To upgrade functional outcomes for individuals with congenital abnormalities, research is being produced to tap the potential of Mesenchymal Stem Cells (MSCs) in promoting prenatal healing [48]. The ability of MSCs to release paracrine substances is thought to be a major element in their therapeutic efficacy, even though the underlying mechanism of action of MSCs is not completely established [49]. Human tissues such as bone marrow, adipose tissue, skin, placenta, and amniotic fluid can all be used to extract MSCs [50,51]. Due to their improved immunomodulatory and neuroprotective capabilities, Placental Mesenchymal Stem Cells (PMSCs) are particularly appealing for the treatment of neurological diseases such as Myelomeningocele (MMC) [52]. For the prenatal therapy of congenital diseases, PMSCs can be acquired from chorionic villi, which can be retrieved by chorionic villus sampling during early pregnancy [53]. In the widely accepted ovine model, using PMSCs from early gestation during prenatal repair of MMC frequently results in improved hindlimb function postnatally. Diana Farmer conducted a research study where they found that the density of PMSCs used for patch repair in utero of ovine MMC has an impact on the preservation of the spinal cord, gray matter, and large neurons. Higher PMSC densities led to the increased cross-sectional area of the spinal cord and gray matter, as well as a greater density of large neurons. The best preservation was observed in the group treated with medium density PMSCs, while the highest density of large neurons was found in the high density group. The preservation of large neurons is strongly correlated with functional outcomes. PMSCs show promise for fetal repair and improved postnatal locomotor function in spinal cord injury in humans.
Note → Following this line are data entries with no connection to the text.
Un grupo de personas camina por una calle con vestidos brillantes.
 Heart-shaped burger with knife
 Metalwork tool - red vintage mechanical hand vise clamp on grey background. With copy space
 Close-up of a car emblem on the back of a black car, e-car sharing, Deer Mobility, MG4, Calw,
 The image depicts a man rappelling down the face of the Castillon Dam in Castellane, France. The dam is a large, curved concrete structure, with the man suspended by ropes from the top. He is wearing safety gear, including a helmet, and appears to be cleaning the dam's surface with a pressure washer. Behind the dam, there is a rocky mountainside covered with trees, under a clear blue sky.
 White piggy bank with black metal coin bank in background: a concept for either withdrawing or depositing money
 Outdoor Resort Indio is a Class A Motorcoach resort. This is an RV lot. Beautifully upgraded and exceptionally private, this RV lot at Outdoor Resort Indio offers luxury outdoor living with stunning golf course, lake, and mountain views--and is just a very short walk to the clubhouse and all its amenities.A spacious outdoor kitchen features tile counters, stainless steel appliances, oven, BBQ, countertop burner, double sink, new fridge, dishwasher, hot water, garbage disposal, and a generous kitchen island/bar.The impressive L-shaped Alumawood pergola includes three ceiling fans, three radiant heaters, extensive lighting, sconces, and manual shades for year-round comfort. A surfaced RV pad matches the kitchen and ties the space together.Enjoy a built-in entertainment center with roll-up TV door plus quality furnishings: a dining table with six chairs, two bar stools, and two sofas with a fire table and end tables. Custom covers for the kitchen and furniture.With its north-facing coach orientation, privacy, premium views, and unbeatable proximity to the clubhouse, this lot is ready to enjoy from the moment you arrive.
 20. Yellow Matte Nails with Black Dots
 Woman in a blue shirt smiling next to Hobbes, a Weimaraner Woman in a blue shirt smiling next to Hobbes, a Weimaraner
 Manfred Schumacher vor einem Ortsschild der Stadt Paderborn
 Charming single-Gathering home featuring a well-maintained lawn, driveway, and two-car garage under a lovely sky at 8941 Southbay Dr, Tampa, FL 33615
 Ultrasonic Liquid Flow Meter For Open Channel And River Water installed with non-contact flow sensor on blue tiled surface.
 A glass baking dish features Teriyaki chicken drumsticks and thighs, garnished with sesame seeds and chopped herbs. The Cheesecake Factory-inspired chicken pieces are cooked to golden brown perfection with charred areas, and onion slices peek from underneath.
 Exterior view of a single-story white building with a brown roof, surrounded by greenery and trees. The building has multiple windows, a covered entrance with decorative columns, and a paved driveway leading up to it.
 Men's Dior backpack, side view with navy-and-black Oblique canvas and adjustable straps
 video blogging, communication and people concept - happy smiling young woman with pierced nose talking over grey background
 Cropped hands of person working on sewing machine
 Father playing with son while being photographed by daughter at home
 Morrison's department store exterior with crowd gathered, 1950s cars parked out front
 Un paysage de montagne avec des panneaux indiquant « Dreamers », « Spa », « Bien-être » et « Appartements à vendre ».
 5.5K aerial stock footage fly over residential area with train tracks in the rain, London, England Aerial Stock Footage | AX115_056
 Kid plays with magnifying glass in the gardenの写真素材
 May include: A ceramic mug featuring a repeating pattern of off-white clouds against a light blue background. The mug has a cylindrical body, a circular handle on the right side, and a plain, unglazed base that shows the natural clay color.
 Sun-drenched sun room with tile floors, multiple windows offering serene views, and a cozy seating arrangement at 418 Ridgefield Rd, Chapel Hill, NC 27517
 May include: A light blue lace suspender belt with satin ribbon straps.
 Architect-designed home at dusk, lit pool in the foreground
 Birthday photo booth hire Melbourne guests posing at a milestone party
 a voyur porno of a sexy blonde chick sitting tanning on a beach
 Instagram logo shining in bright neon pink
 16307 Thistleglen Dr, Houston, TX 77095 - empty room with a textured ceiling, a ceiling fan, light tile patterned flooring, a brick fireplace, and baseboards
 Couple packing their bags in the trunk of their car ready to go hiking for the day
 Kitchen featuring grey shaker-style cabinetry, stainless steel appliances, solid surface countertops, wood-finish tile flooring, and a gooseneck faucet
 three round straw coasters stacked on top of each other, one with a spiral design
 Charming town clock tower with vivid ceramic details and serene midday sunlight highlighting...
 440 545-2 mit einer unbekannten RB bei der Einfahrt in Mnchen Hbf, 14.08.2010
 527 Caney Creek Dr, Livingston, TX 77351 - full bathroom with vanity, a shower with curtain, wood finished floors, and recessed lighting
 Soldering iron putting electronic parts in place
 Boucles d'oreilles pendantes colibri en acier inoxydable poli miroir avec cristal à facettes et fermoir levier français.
CuRe trial: Cellular therapy for in utero repair of myelomeningocele

Diana Lee Farmer is conducting a clinical trial (NCT04652908) with primary outcome measures that assess the safety of the Placenta derived Mesenchymal Stem Cell loaded on an Extracellular Matrix (PMSC-ECM) Product. The intervention includes the use of sonographic supervision. Under sonographic supervision, the initial uterine entry will be made using a uterine stapling device or something similar, just like in the present conventional fetal surgery. The fetus will receive a paralyzing and painkiller intramuscular injection. Under magnification, the myelomeningocele will be closed systematically. The spinal cord will be separated from the surrounding tissue and allowed to fall into the spinal canal, much like in a typical prenatal operation. Next, the PMSC ECM component will be sized to the spinal cord's dimensions and administered topically, cell side down. The material will be stitched to the PMSC-ECM product. The fetal skin will thereafter be closed in the usual way. Antibiotics will also be added along with a replacement of the amniotic fluid volume in the womb.

Conclusion

With the advancement in the world of medical science, the treatment of MMC is not a far-fetched idea. Comparative studies have revealed that in utero intervention with placental mesenchymal stem cells is more successful than one done postnatally and has shown promising results in clinical trials for fetal surgery. However, prenatal surgery has its limitations such as neonatal bradycardia and respiratory distress syndrome. In comparison with other types of stem cells, placental mesenchymal stem cell therapy has shown maximum coverage when used during fetal surgery. After adequate experimentation with animal models, the placental mesenchymal stem cell is now being used in clinical trials with human subjects where the surgeon surgically sutures the biocompatible scaffold at the defective site. The trial is reported to be finished by early 2030. The current data proves the intervention is a positive modality. This intervention thus can bring a great deal of satisfaction to the scientific community and the lives of the patients affected by MMC.